--- COLLECTED MATERIAL Enclosed Below ---
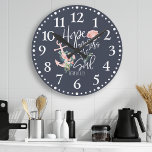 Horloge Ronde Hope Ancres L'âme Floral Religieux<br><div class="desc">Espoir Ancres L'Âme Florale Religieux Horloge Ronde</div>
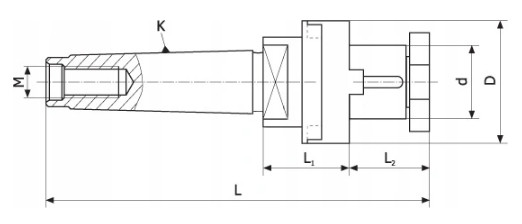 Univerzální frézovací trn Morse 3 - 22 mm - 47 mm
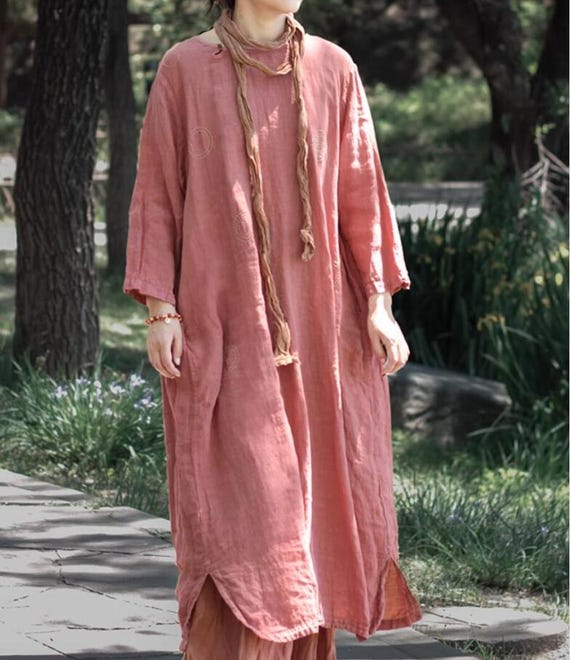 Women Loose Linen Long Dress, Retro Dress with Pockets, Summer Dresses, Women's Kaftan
--- End of Enclosed COLLECTED MATERIAL ---
_ASSIGNMENT_
The data needs to be reproduced exactly, please, apart from its pictures.

_WORKED SOLUTION_
 Horloge Ronde Hope Ancres L'âme Floral Religieux<br><div class="desc">Espoir Ancres L'Âme Florale Religieux Horloge Ronde</div>
 Univerzální frézovací trn Morse 3 - 22 mm - 47 mm
 Women Loose Linen Long Dress, Retro Dress with Pockets, Summer Dresses, Women's Kaftan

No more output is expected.